His twin nodded. “Then let's get going!”

“I'm scared,” said Trip.

“You'd be a fool if you weren't,” replied Hap. They were standing side by side against the west wall of the cube, watching the water pour over the side. It had reached their waists and was rising fast.

Trip had a picture in his mind that he kept trying to push out. But it wouldn't go. No matter how hard he tried, all he could think of was the cube he had seen the night Dr. Standish had showed him and Ray the plant—the cube sitting at the bottom of a fifty-foot shaft.

Except there was one difference. That cube had held nothing but water. The cube his mind kept showing him also held two dead bodies.

He smashed his head back against the wall, trying to drive out the vision.

The cube lurched downward again.

Trip knew that before long, when the weight was great enough, their journey down the shaft would begin in earnest. There would be no fits and starts then. Just a slow, steady descent into the earth, with the ocean pouring through the grille above them.

In some ways the slowness was the worst thing of all. Being hit by a truck—one sudden blinding burst of pain, and then nothing—began to seem merciful in comparison. This waiting, this slow ride to oblivion while his mind and body were free to act but helpless to do anything was driving him crazy.

Hap nudged him. “You ever think about dying before?”

“Not much. I was planning to put it off for a while.”

“I think your plans got messed up, buddy. Now, me, I figured—”

Hap never did tell Trip what he figured. He cut off his words as the cube moved again—and kept moving.

The boys locked eyes. The weight had reached the critical stage. The cube was beginning its descent.

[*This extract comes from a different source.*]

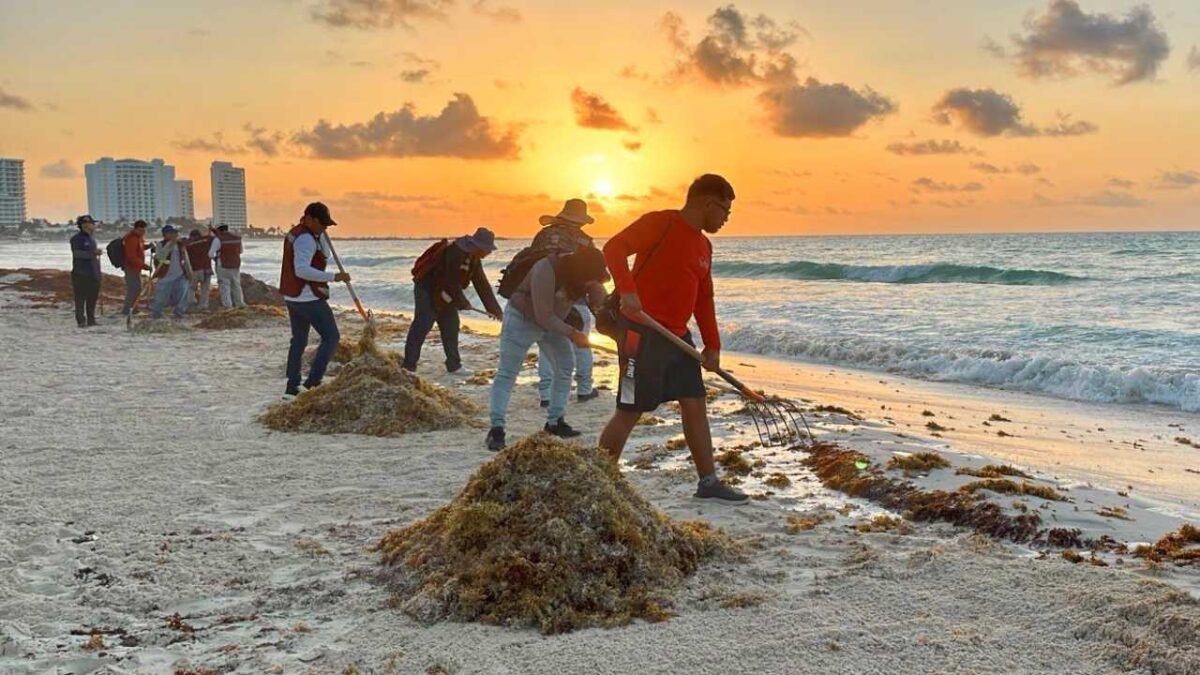 Limpieza de sargazo.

Roger and Rachel had just reached the fence that guarded the power plant when Wendy came roaring up in her parents' Volkswagen.

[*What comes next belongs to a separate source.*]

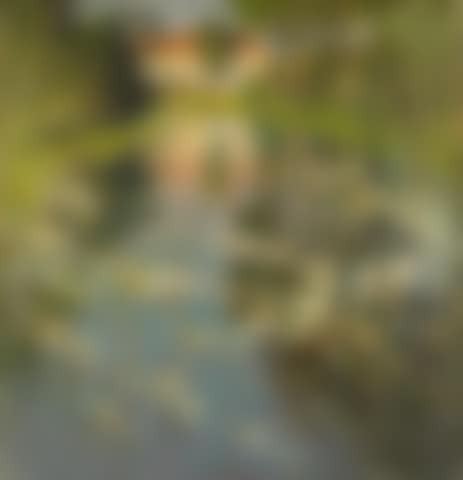 Sur les bords du Ruisseau (preview)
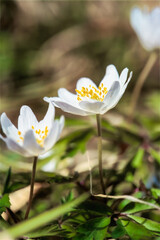 Delicate white anemones flower bloom in the forest, vibrant spring greenery. Spring wood flowers...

“Wendy!” cried Rachel. “What have you done?”

“What are you worried about?” asked the Wonderchild. “This is an emergency, isn't it?”

“I hope not,” said Rachel. “I'd be much happier if it was a false alarm.”

“Well, don't count on it,” said Wendy. “None of them have made it home yet. I called the Swensons, but Hap's mom isn't too worried—she said he likes to sit on the beach at night. There was no sense in calling the others—Mrs. Swenson told me Trip and Ray were supposed to be spending the night with Hap. She thinks they're all just out stargazing.”

“They may be,” said Roger.

“So much the better,” said Wendy. “Then I can have the pleasure of killing them myself for disturbing my sleep. But if you had heard that message, I don't think you'd believe that. It was a little too desperate to be a fake. Open the gate, will you?”

Roger swung it open just wide enough to let the Volkswagen pass through. He and Rachel climbed into the car. A moment later it was jouncing down the bumpy road leading to the power plant.